**Work order**
Each entry should be given again exactly, with any image left out.

□ □ □ □ □ □ □

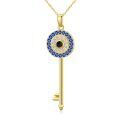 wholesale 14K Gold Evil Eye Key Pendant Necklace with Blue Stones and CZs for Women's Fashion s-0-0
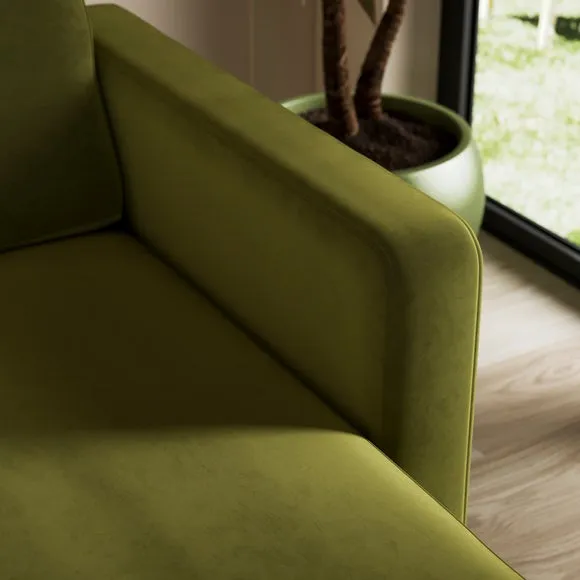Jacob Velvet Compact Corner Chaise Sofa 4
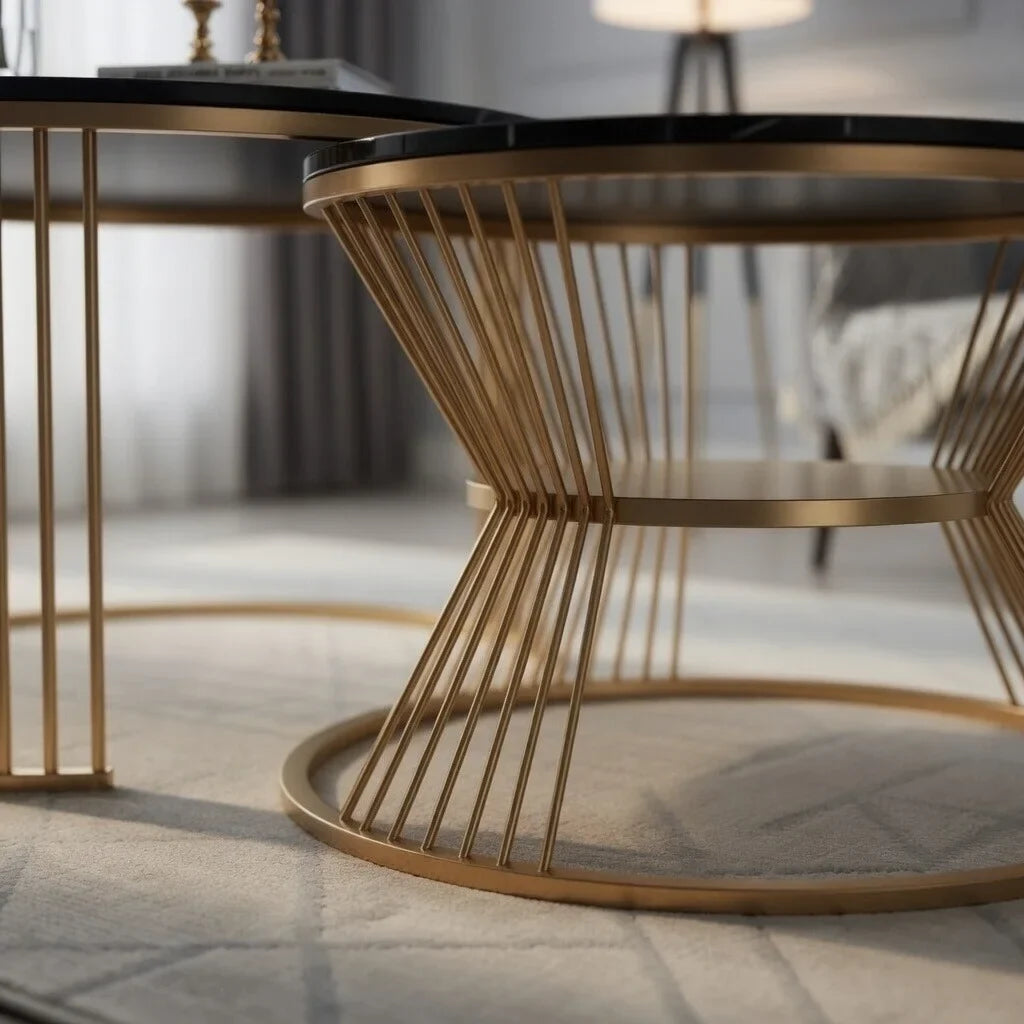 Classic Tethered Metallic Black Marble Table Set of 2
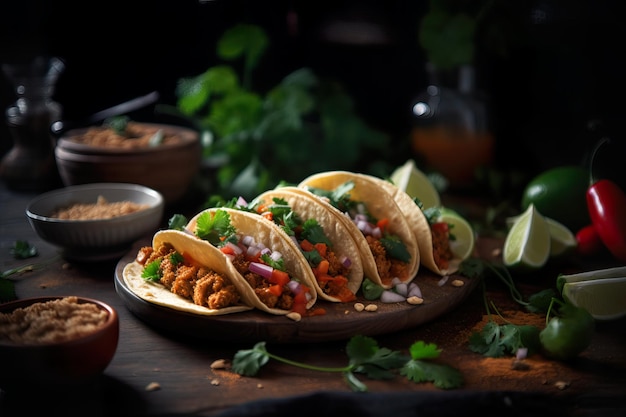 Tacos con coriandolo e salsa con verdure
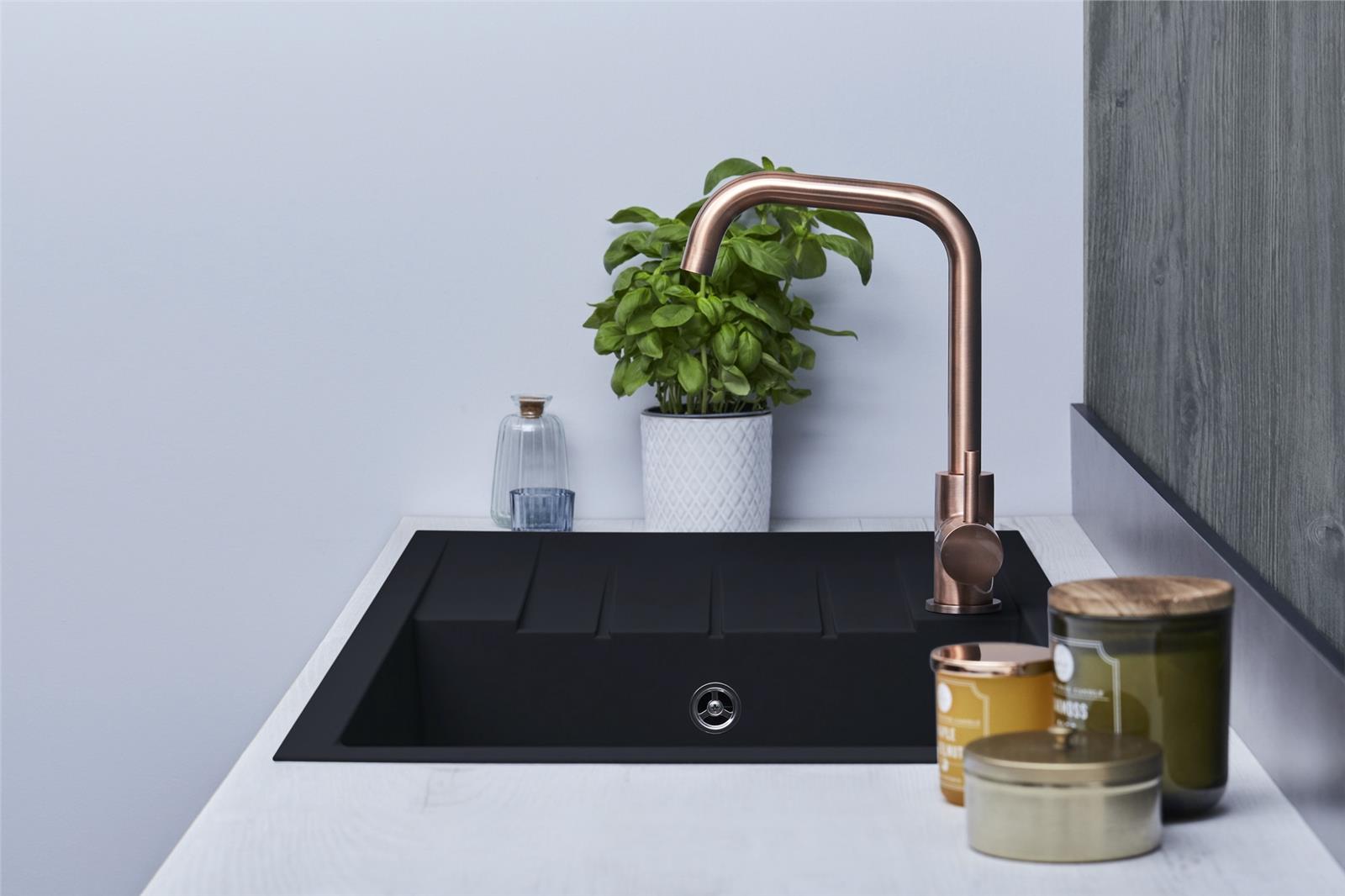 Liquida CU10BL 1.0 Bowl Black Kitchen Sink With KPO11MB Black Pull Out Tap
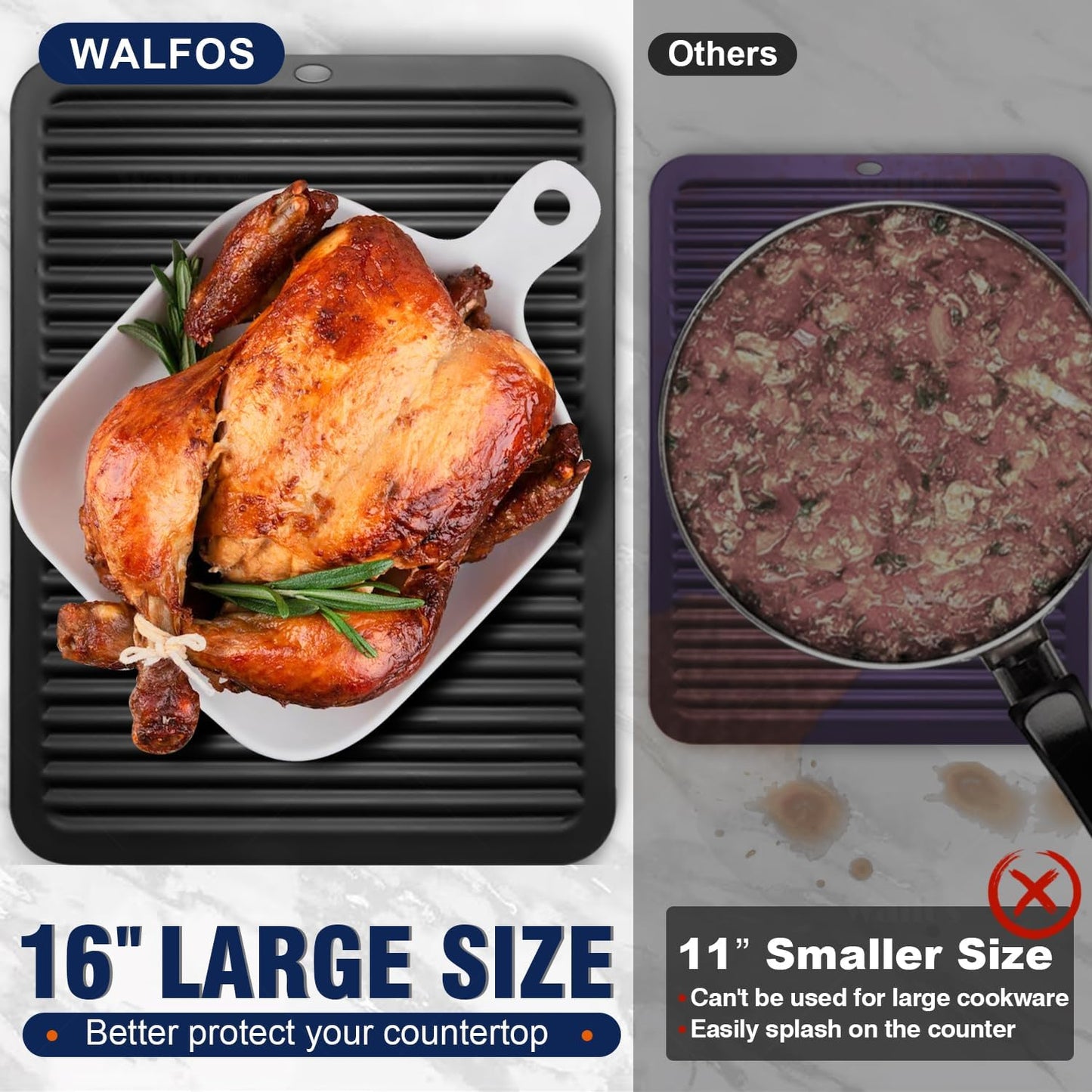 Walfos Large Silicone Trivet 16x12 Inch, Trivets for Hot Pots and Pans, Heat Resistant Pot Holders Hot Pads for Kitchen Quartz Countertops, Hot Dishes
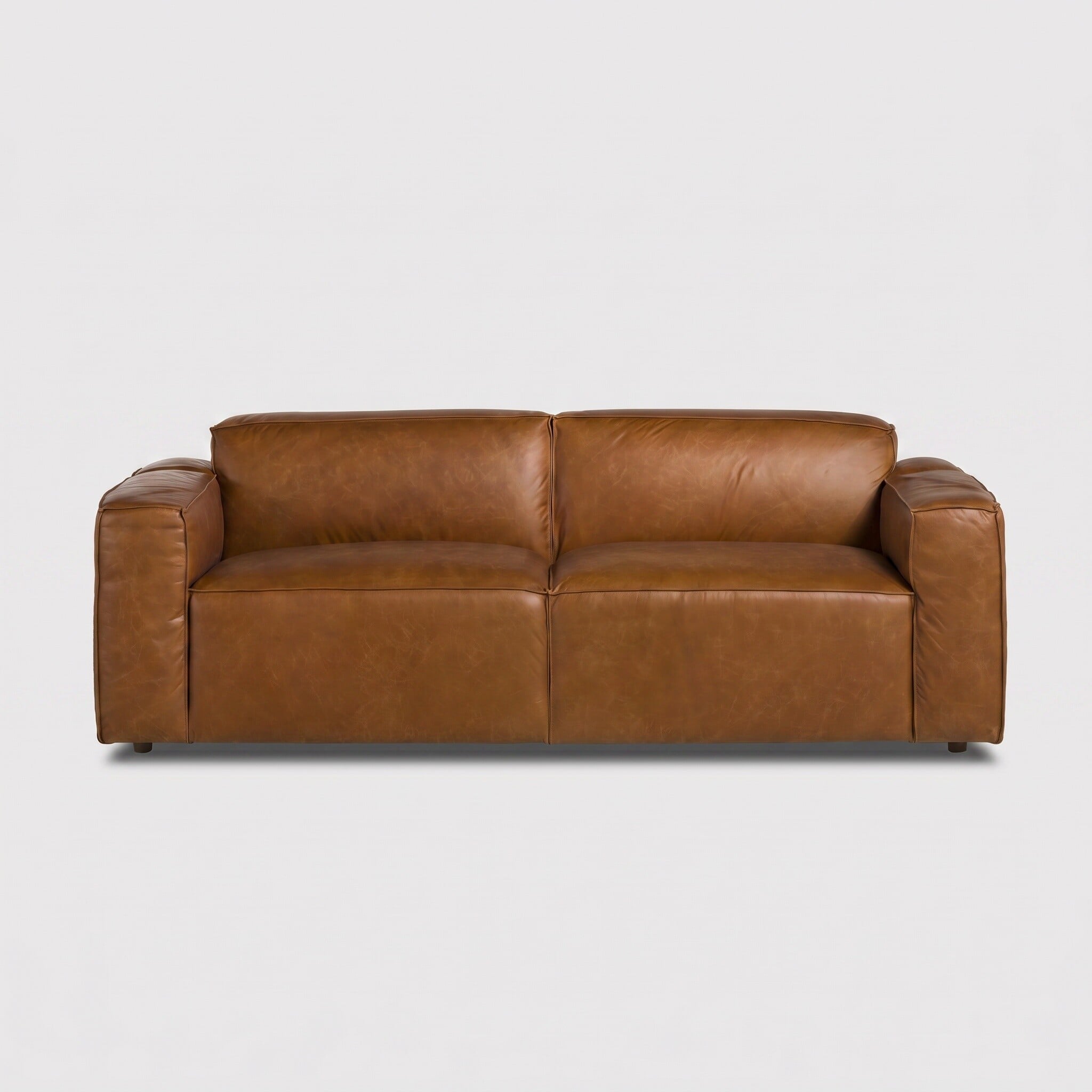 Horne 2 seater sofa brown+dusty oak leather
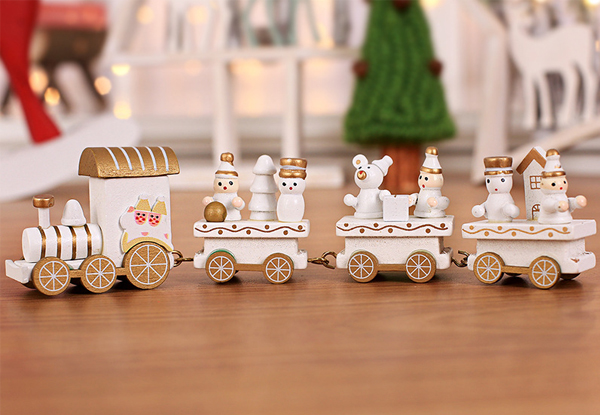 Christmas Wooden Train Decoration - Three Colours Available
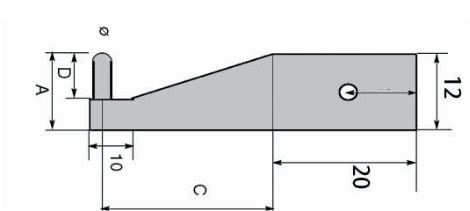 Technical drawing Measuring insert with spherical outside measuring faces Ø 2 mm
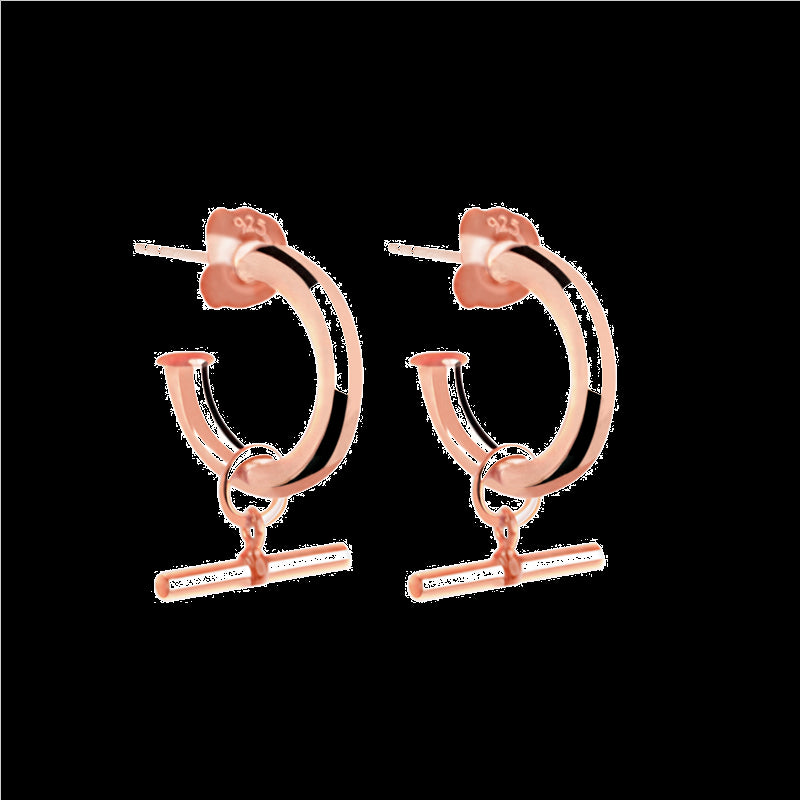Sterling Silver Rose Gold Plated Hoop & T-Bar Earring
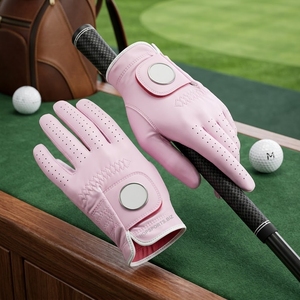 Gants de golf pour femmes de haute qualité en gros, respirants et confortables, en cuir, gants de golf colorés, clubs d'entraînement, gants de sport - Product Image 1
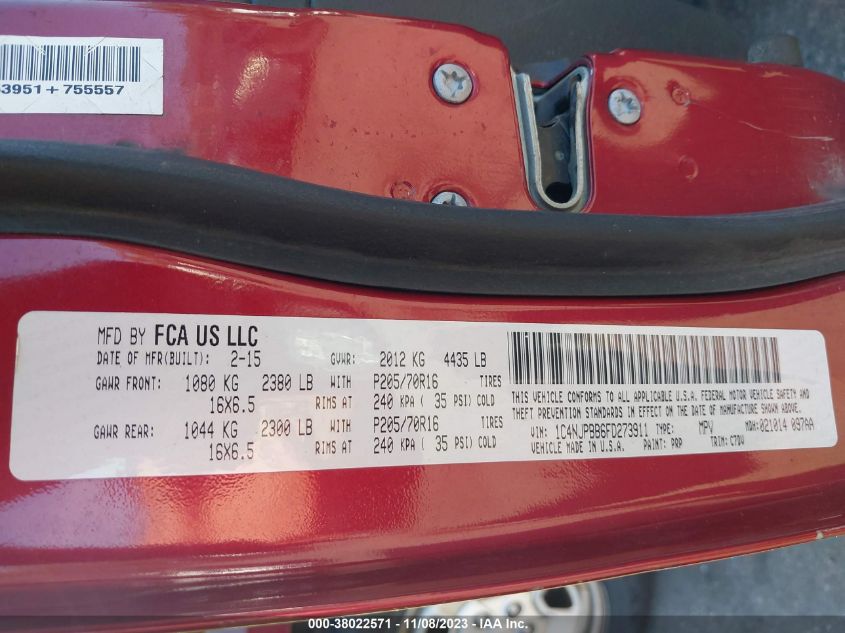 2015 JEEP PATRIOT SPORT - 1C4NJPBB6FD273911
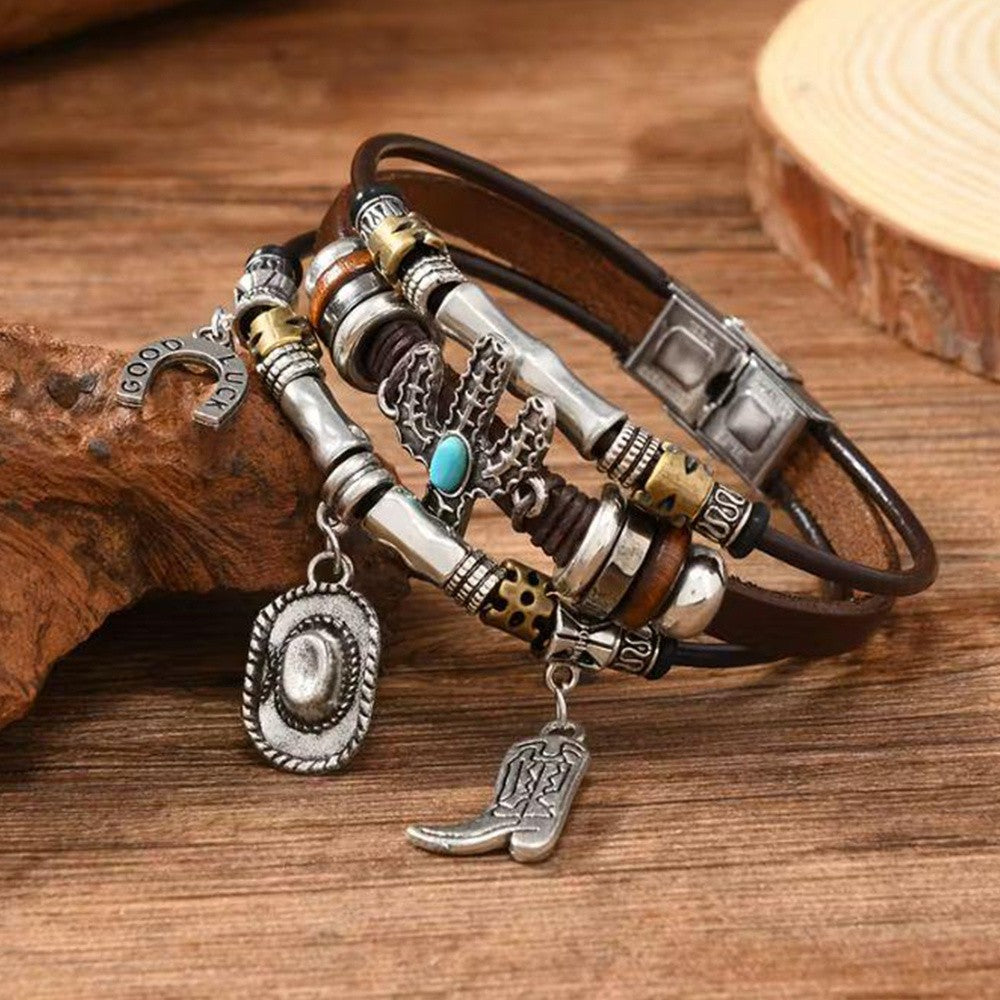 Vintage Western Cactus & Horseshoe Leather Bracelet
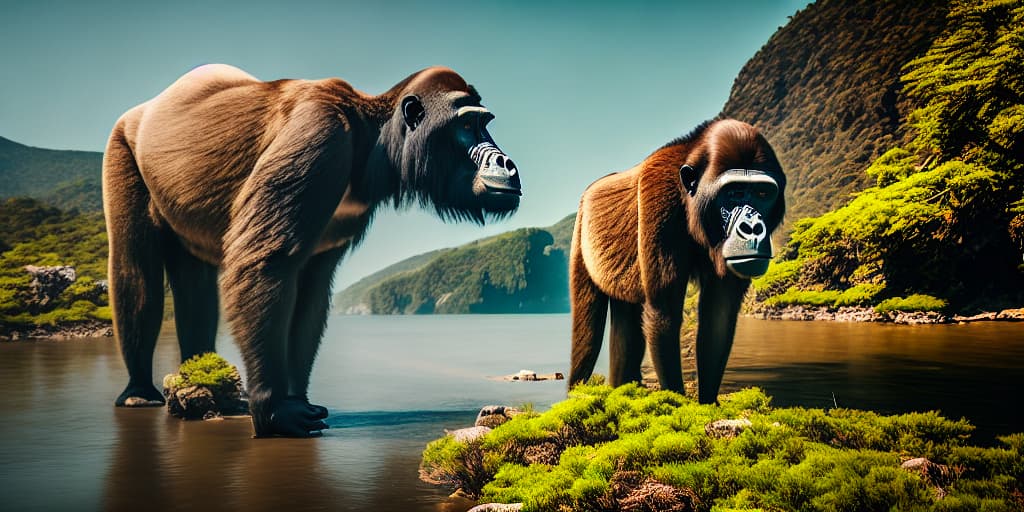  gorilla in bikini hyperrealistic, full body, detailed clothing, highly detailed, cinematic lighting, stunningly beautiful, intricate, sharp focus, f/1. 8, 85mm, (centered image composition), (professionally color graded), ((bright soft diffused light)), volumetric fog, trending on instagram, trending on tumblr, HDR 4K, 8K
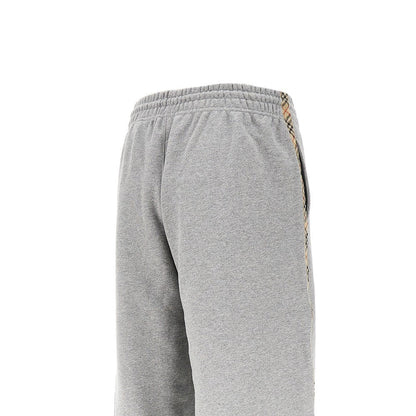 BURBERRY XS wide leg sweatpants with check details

□ □ □ □ □ □ □

**Task result**
 wholesale 14K Gold Evil Eye Key Pendant Necklace with Blue Stones and CZs for Women's Fashion s-0-0
Jacob Velvet Compact Corner Chaise Sofa 4
 Classic Tethered Metallic Black Marble Table Set of 2
 Tacos con coriandolo e salsa con verdure
 Liquida CU10BL 1.0 Bowl Black Kitchen Sink With KPO11MB Black Pull Out Tap
 Walfos Large Silicone Trivet 16x12 Inch, Trivets for Hot Pots and Pans, Heat Resistant Pot Holders Hot Pads for Kitchen Quartz Countertops, Hot Dishes
 Horne 2 seater sofa brown+dusty oak leather
 Christmas Wooden Train Decoration - Three Colours Available
 Technical drawing Measuring insert with spherical outside measuring faces Ø 2 mm
Sterling Silver Rose Gold Plated Hoop & T-Bar Earring
 Gants de golf pour femmes de haute qualité en gros, respirants et confortables, en cuir, gants de golf colorés, clubs d'entraînement, gants de sport - Product Image 1
 2015 JEEP PATRIOT SPORT - 1C4NJPBB6FD273911
 Vintage Western Cactus & Horseshoe Leather Bracelet
  gorilla in bikini hyperrealistic, full body, detailed clothing, highly detailed, cinematic lighting, stunningly beautiful, intricate, sharp focus, f/1. 8, 85mm, (centered image composition), (professionally color graded), ((bright soft diffused light)), volumetric fog, trending on instagram, trending on tumblr, HDR 4K, 8K
 BURBERRY XS wide leg sweatpants with check details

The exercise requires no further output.